# ACTION ITEM
Your answer should be the full data, transcribed exactly, with no pictures in it.

# INFORMATION SUPPLIED
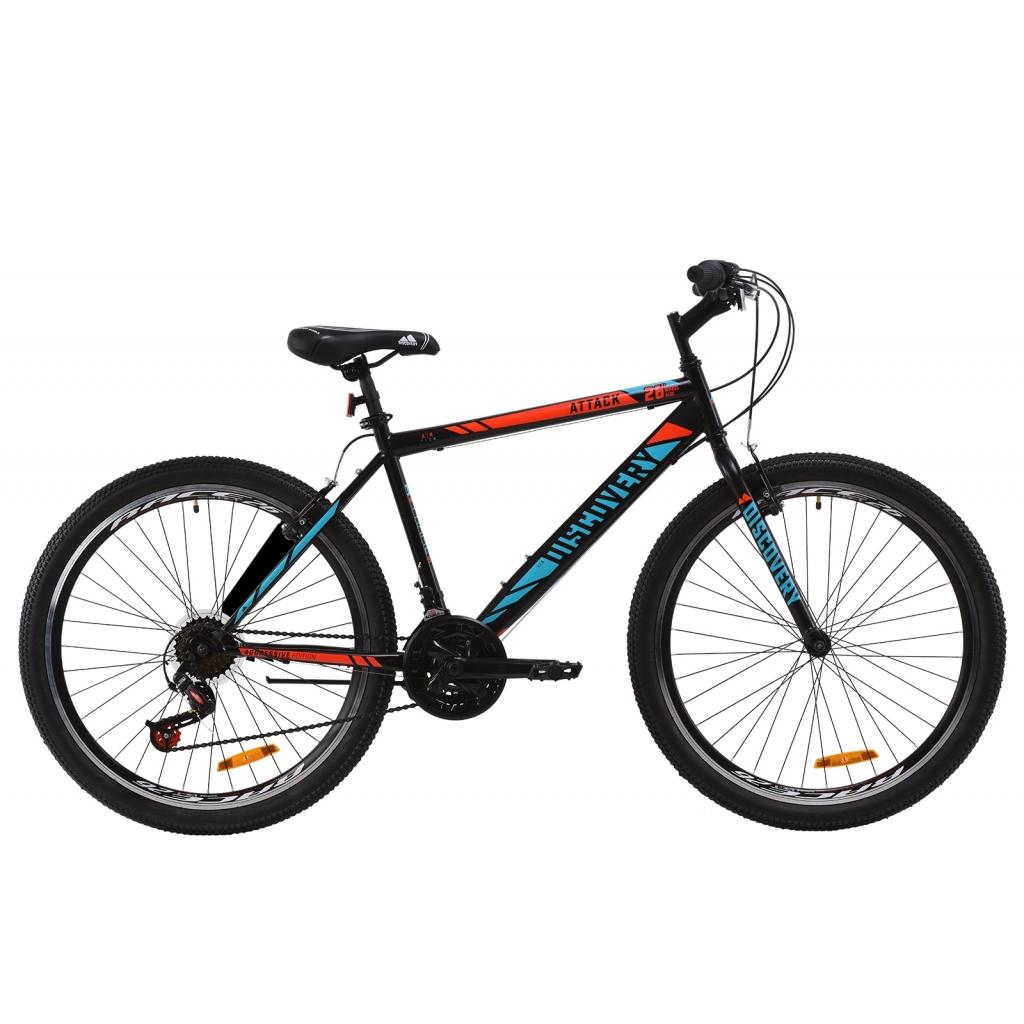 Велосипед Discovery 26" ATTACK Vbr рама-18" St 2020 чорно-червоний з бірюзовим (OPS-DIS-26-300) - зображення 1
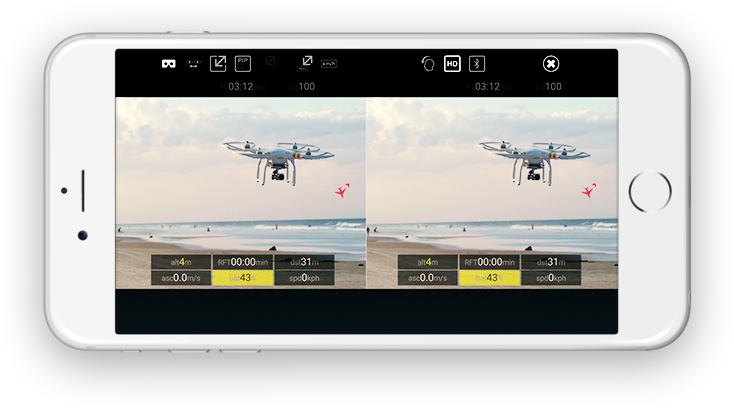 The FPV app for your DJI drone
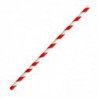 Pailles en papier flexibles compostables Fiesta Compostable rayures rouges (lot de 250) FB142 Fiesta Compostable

# REPLY
 Велосипед Discovery 26" ATTACK Vbr рама-18" St 2020 чорно-червоний з бірюзовим (OPS-DIS-26-300) - зображення 1
 The FPV app for your DJI drone
 Pailles en papier flexibles compostables Fiesta Compostable rayures rouges (lot de 250) FB142 Fiesta Compostable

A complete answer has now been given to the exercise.